Lo primero fue no poder ingresar de nuevo al Capitolio Nacional, sede de la Asamblea Nacional de la que él todavía es Presidente. Después, la rebelión de algunos diputados supuestamente de oposición, que a toda velocidad pasaron a engrosar el número de diputados partidarios de Maduro, quien a su vez los instó a nombrar a otro presidente de una Asamblea Nacional, ahora paralela a la de Guaidó. Después, la convocatoria de unas nuevas elecciones parlamentarias para el próximo 6 de diciembre. Por último, la “expropiación” ordenada por el Tribunal Supremo de Justicia de los tres principales partidos de la oposición, Primero Justicia, Voluntad Popular y Acción Democrática, y el nombramiento, hecho por ese TSJ, de nuevas y convenientes autoridades partidistas para los tres.

En el marco de estos atropellos, estos tres partidos y otros 24 partidos menores, incluyendo a todos los que tienen representación en la Asamblea Nacional, denunciaron el pasado 2 de agosto la contraofensiva de Maduro y anunciaron que no participarían en las elecciones de diciembre. Pocos días después, la Conferencia Episcopal de Venezuela, históricamente crítica del régimen, le respondió a los partidos que si bien los atropellos del régimen invalidaban la legitimidad de esas próximas elecciones, peor que todo era no participar en ellas, una incoherencia que ni las sutiles habilidades dialécticas de los obispos que redactaron el documento pudieron superar.

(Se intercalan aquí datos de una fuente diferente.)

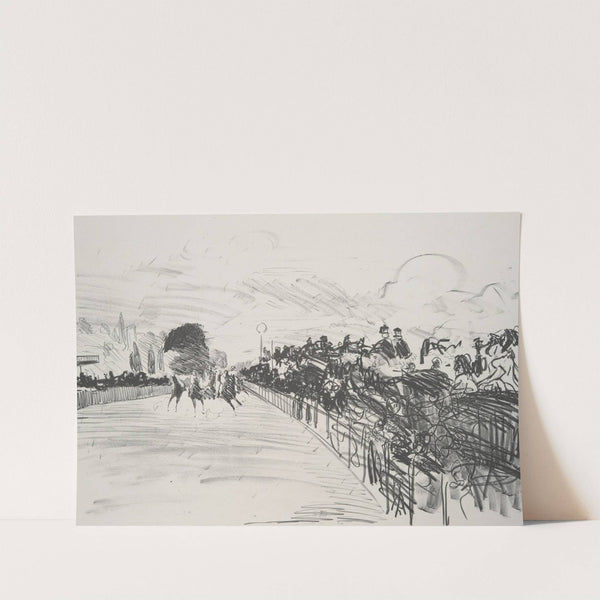 The Races (Les Courses) (1865–72) by Édouard Manet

Para colmo de males, Guaidó, quien en las últimas semanas había guardado un prudente silencio, lo rompió de golpe y porrazo para anunciar que pronto consultaría a otros dirigentes políticos y sociales de Venezuela para acordar y anunciarle al país una nueva hoja de ruta a seguir desde el día de hoy. Como si la otra, la del cese de la usurpación, no hubiera existido jamás.

Este auténtico galimatías del proceso político de Venezuela tiene cada día menos sentido. Y cada día resulta más indescifrable. De ello tendremos que ocuparnos durante las próximas semanas, pero por ahora, como anticipo de las cosas que pueden ocurrir y las que no, me atrevería a señalar que en Venezuela ya no hay el menor espacio para la acción política. Por una parte, gracias a la traición de los viejos partidos y dirigentes de la oposición; por otra, gracias a Guaidó, la última esperanza frustrada que han tenido los venezolanos que siguen soñando con la democracia y la libertad. A ello se suma, y quizá eso sea lo más grave, el hecho de que Venezuela, despojada por unos y otros de su derecho a decidir, tampoco parece estar en guerra.